The records beneath should be restated word for word.

Stored data:
————————

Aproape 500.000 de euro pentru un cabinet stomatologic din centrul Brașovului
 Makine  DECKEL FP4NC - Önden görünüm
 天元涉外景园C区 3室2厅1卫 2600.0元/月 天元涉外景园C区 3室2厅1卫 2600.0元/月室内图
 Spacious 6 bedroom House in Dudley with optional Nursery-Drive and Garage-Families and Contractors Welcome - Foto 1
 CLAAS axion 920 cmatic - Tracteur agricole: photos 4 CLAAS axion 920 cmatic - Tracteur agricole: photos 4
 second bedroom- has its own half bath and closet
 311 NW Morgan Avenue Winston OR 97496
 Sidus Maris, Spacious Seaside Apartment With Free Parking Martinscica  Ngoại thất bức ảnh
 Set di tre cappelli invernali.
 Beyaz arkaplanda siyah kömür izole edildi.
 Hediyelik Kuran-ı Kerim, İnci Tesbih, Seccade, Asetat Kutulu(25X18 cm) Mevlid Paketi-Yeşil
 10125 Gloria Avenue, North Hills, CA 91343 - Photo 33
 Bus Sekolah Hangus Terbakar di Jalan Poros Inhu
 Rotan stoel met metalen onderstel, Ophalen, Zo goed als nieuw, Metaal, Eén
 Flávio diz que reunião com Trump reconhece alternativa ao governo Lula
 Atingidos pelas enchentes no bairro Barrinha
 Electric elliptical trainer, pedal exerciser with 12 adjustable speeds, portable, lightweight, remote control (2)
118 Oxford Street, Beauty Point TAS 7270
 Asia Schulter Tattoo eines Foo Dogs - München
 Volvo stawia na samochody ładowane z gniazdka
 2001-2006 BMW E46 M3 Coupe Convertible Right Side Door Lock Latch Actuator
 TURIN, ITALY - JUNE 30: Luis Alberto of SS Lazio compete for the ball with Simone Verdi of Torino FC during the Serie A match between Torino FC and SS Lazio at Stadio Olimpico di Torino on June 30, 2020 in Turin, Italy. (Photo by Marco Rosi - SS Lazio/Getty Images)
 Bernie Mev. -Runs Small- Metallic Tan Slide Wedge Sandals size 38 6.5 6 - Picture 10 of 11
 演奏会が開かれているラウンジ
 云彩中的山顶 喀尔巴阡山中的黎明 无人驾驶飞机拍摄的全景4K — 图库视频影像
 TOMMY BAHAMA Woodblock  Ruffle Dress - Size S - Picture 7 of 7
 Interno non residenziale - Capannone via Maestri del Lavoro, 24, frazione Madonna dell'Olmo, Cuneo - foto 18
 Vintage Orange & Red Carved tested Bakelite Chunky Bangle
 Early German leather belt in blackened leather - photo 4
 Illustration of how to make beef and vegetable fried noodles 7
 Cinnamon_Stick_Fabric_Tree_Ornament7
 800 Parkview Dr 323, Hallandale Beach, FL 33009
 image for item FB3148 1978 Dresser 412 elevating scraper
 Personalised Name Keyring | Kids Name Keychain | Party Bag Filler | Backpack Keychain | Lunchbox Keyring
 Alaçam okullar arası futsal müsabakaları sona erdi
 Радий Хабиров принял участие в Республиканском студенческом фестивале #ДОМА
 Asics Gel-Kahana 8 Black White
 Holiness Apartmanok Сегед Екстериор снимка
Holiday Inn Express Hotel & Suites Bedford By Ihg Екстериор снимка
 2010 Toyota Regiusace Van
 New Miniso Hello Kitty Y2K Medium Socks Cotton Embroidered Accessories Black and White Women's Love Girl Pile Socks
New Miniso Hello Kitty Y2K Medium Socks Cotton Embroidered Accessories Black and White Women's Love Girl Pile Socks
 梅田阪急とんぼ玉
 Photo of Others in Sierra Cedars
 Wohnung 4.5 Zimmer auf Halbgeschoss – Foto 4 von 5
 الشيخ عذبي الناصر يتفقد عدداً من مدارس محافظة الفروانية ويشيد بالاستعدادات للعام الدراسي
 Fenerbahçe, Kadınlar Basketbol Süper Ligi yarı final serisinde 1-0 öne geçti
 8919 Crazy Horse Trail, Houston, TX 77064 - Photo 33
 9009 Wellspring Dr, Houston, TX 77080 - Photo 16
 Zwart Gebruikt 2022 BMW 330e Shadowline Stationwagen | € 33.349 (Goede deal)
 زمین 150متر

————————

Finished task:
Aproape 500.000 de euro pentru un cabinet stomatologic din centrul Brașovului
 Makine  DECKEL FP4NC - Önden görünüm
 天元涉外景园C区 3室2厅1卫 2600.0元/月 天元涉外景园C区 3室2厅1卫 2600.0元/月室内图
 Spacious 6 bedroom House in Dudley with optional Nursery-Drive and Garage-Families and Contractors Welcome - Foto 1
 CLAAS axion 920 cmatic - Tracteur agricole: photos 4 CLAAS axion 920 cmatic - Tracteur agricole: photos 4
 second bedroom- has its own half bath and closet
 311 NW Morgan Avenue Winston OR 97496
 Sidus Maris, Spacious Seaside Apartment With Free Parking Martinscica  Ngoại thất bức ảnh
 Set di tre cappelli invernali.
 Beyaz arkaplanda siyah kömür izole edildi.
 Hediyelik Kuran-ı Kerim, İnci Tesbih, Seccade, Asetat Kutulu(25X18 cm) Mevlid Paketi-Yeşil
 10125 Gloria Avenue, North Hills, CA 91343 - Photo 33
 Bus Sekolah Hangus Terbakar di Jalan Poros Inhu
 Rotan stoel met metalen onderstel, Ophalen, Zo goed als nieuw, Metaal, Eén
 Flávio diz que reunião com Trump reconhece alternativa ao governo Lula
 Atingidos pelas enchentes no bairro Barrinha
 Electric elliptical trainer, pedal exerciser with 12 adjustable speeds, portable, lightweight, remote control (2)
118 Oxford Street, Beauty Point TAS 7270
 Asia Schulter Tattoo eines Foo Dogs - München
 Volvo stawia na samochody ładowane z gniazdka
 2001-2006 BMW E46 M3 Coupe Convertible Right Side Door Lock Latch Actuator
 TURIN, ITALY - JUNE 30: Luis Alberto of SS Lazio compete for the ball with Simone Verdi of Torino FC during the Serie A match between Torino FC and SS Lazio at Stadio Olimpico di Torino on June 30, 2020 in Turin, Italy. (Photo by Marco Rosi - SS Lazio/Getty Images)
 Bernie Mev. -Runs Small- Metallic Tan Slide Wedge Sandals size 38 6.5 6 - Picture 10 of 11
 演奏会が開かれているラウンジ
 云彩中的山顶 喀尔巴阡山中的黎明 无人驾驶飞机拍摄的全景4K — 图库视频影像
 TOMMY BAHAMA Woodblock  Ruffle Dress - Size S - Picture 7 of 7
 Interno non residenziale - Capannone via Maestri del Lavoro, 24, frazione Madonna dell'Olmo, Cuneo - foto 18
 Vintage Orange & Red Carved tested Bakelite Chunky Bangle
 Early German leather belt in blackened leather - photo 4
 Illustration of how to make beef and vegetable fried noodles 7
 Cinnamon_Stick_Fabric_Tree_Ornament7
 800 Parkview Dr 323, Hallandale Beach, FL 33009
 image for item FB3148 1978 Dresser 412 elevating scraper
 Personalised Name Keyring | Kids Name Keychain | Party Bag Filler | Backpack Keychain | Lunchbox Keyring
 Alaçam okullar arası futsal müsabakaları sona erdi
 Радий Хабиров принял участие в Республиканском студенческом фестивале #ДОМА
 Asics Gel-Kahana 8 Black White
 Holiness Apartmanok Сегед Екстериор снимка
Holiday Inn Express Hotel & Suites Bedford By Ihg Екстериор снимка
 2010 Toyota Regiusace Van
 New Miniso Hello Kitty Y2K Medium Socks Cotton Embroidered Accessories Black and White Women's Love Girl Pile Socks
New Miniso Hello Kitty Y2K Medium Socks Cotton Embroidered Accessories Black and White Women's Love Girl Pile Socks
 梅田阪急とんぼ玉
 Photo of Others in Sierra Cedars
 Wohnung 4.5 Zimmer auf Halbgeschoss – Foto 4 von 5
 الشيخ عذبي الناصر يتفقد عدداً من مدارس محافظة الفروانية ويشيد بالاستعدادات للعام الدراسي
 Fenerbahçe, Kadınlar Basketbol Süper Ligi yarı final serisinde 1-0 öne geçti
 8919 Crazy Horse Trail, Houston, TX 77064 - Photo 33
 9009 Wellspring Dr, Houston, TX 77080 - Photo 16
 Zwart Gebruikt 2022 BMW 330e Shadowline Stationwagen | € 33.349 (Goede deal)
 زمین 150متر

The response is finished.